Welcome to the inaugural article series for Gamer’s Gauntlet’s Commander League: Precon to Player. Recently WotC has published the Commander 2013 product. The publication of the initial Commander product in 2011 increased interest and participation in EDH/Commander greatly and anticipation is for this set to do the same. The tension from WotCs side of it is that they simply can’t just drop beastly mean machines onto the secondary market but they don’t want to leave customers up a creek without a paddle when playing against tuned decks. As such, the five decks are balanced to play well with each other, yet have potential for development. My intention is to showcase and log the course of such development.
What skills should be brought to bear for such a task? Well it takes a little bit of everything: deck design and tuning to align the deck to a viable macro-strategy without stalling out or interruption, financial wheeling-dealing to develop the preconstructed deck into something more personal, multiplayer gameplay skill so the deck doesn’t get taken apart by the competition for being a weak link. A whole array of considerations is at play.
What’s in a budget?
The perennial complaint about a budget series is “That’s not budget!” While I’m not entirely unsympathetic to the point, its endless repetition has inured me a great deal. Playing this game is a recreation requiring a mass market luxury good. While mass market and highly accessible, it is still a market. And it can’t actually be termed a market until someone gets priced out. That’s my insensitive view.
My sensitive view is the typical player is either an older adolescent (aka, an allowance or part-time work with the aim of savings), a college student (aka, moderate part-time work with the aim of limiting long term debt), or an adult gamer (aka, you worry about your own budget, am not a dependent or your financial steward). Given that minimum wage in the state of Michigan is $7.40, I’ll assume the adolescent works 10 hours a week to the college student’s 20 and set the cap at $20-30 per week in cash expenses. Additionally I’ll set a floor for balance forward at $15. We don’t aim to exhaust our budget each week, but we want to carry forward some funds even for light weeks. This budget will be supplemented with trading.

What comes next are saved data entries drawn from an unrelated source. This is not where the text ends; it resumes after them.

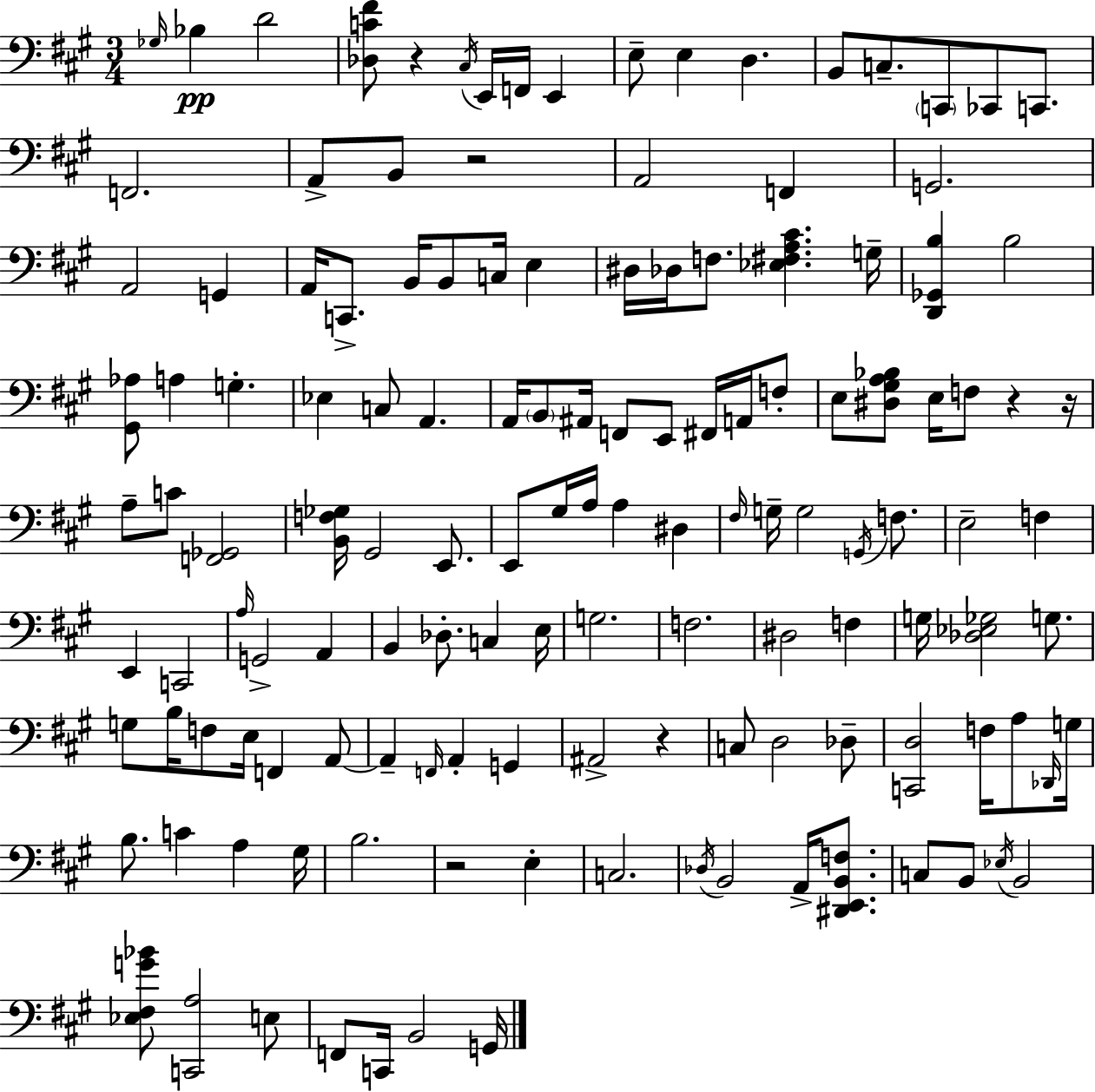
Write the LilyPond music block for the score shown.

{
  \clef bass
  \numericTimeSignature
  \time 3/4
  \key a \major
  \grace { ges16 }\pp bes4 d'2 | <des c' fis'>8 r4 \acciaccatura { cis16 } e,16 f,16 e,4 | e8-- e4 d4. | b,8 c8.-- \parenthesize c,8 ces,8 c,8. | \break f,2. | a,8-> b,8 r2 | a,2 f,4 | g,2. | \break a,2 g,4 | a,16 c,8.-> b,16 b,8 c16 e4 | dis16 des16 f8. <ees fis a cis'>4. | g16-- <d, ges, b>4 b2 | \break <gis, aes>8 a4 g4.-. | ees4 c8 a,4. | a,16 \parenthesize b,8 ais,16 f,8 e,8 fis,16 a,16 | f8-. e8 <dis gis a bes>8 e16 f8 r4 | \break r16 a8-- c'8 <f, ges,>2 | <b, f ges>16 gis,2 e,8. | e,8 gis16 a16 a4 dis4 | \grace { fis16 } g16-- g2 | \break \acciaccatura { g,16 } f8. e2-- | f4 e,4 c,2 | \grace { a16 } g,2-> | a,4 b,4 des8.-. | \break c4 e16 g2. | f2. | dis2 | f4 g16 <des ees ges>2 | \break g8. g8 b16 f8 e16 f,4 | a,8~~ a,4-- \grace { f,16 } a,4-. | g,4 ais,2-> | r4 c8 d2 | \break des8-- <c, d>2 | f16 a8 \grace { des,16 } g16 b8. c'4 | a4 gis16 b2. | r2 | \break e4-. c2. | \acciaccatura { des16 } b,2 | a,16-> <dis, e, b, f>8. c8 b,8 | \acciaccatura { ees16 } b,2 <ees fis g' bes'>8 <c, a>2 | \break e8 f,8 c,16 | b,2 g,16 \bar "|."
}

Trading typically takes the form of speculation or value-trading. One speculates to make non-marginal amounts of cash. Speculating on Ravniva dual lands was a strong investment because the drafting of Return to Ravnica, Gatecrash, and Dragon’s Gate added considerable supply to the marketplace. Supply which likely exceeded demand. Now that those products are being drafted less and are no longer in print, the supply is capped. However the cards in question (‘Shock’ dual lands) still have applications in two formats (Standard and Modern) so demand still exists. Demand holds steady or increases while supply shrinks means a higher price per unit; or profit. That kind of trading we won’t do, and really can’t do as I can only presume you have the precon and willingness to spend more money.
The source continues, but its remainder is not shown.